---------- Dataset excerpts

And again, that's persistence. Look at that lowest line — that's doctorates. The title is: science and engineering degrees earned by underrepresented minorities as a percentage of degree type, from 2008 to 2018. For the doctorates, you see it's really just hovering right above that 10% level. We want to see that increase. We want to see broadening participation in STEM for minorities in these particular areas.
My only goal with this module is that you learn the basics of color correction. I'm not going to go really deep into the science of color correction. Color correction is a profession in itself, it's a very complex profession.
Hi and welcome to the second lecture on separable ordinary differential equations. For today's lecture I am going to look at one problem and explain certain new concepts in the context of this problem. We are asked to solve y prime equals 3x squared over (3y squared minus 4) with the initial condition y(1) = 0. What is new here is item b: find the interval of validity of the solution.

--------------------
---------- Dataset excerpts

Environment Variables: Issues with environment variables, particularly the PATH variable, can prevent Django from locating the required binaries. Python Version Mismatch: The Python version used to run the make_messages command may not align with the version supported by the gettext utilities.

--------------------

### Task brief
In the entries above, some lines hold the string "that". Copy each of them.

### Written response
And again, that's persistence. Look at that lowest line — that's doctorates. The title is: science and engineering degrees earned by underrepresented minorities as a percentage of degree type, from 2008 to 2018. For the doctorates, you see it's really just hovering right above that 10% level. We want to see that increase. We want to see broadening participation in STEM for minorities in these particular areas.
My only goal with this module is that you learn the basics of color correction. I'm not going to go really deep into the science of color correction. Color correction is a profession in itself, it's a very complex profession.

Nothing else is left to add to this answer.